Exercise goal: Retype exactly the span of lines below from the one with "Radhe Krishna Vivo" through the one with "Gerwyn Price Signed". Do not include pictures.

Extracted records:

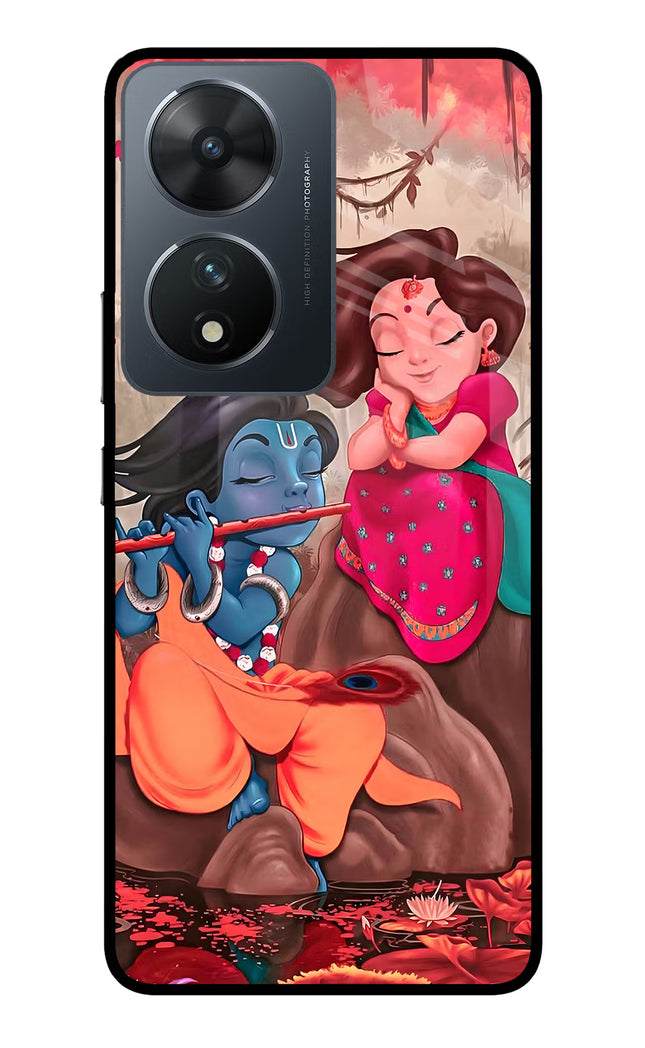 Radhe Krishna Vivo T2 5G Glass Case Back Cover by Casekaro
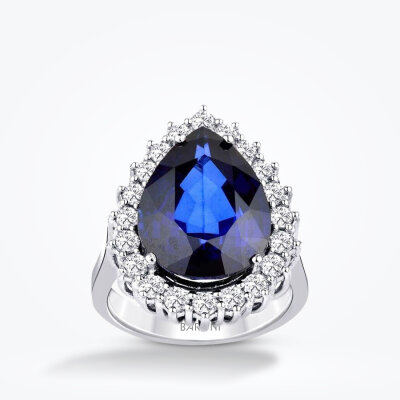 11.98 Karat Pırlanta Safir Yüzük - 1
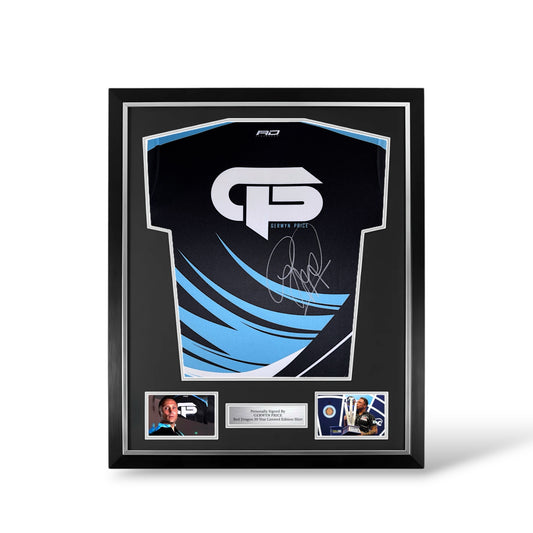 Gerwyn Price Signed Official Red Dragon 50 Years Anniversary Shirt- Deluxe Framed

...

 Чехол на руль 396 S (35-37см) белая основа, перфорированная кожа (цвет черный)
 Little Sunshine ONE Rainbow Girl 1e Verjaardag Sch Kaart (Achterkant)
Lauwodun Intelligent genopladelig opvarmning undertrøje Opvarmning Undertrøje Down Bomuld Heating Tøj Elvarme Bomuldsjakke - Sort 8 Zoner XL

Answer for the task:
 Radhe Krishna Vivo T2 5G Glass Case Back Cover by Casekaro
 11.98 Karat Pırlanta Safir Yüzük - 1
 Gerwyn Price Signed Official Red Dragon 50 Years Anniversary Shirt- Deluxe Framed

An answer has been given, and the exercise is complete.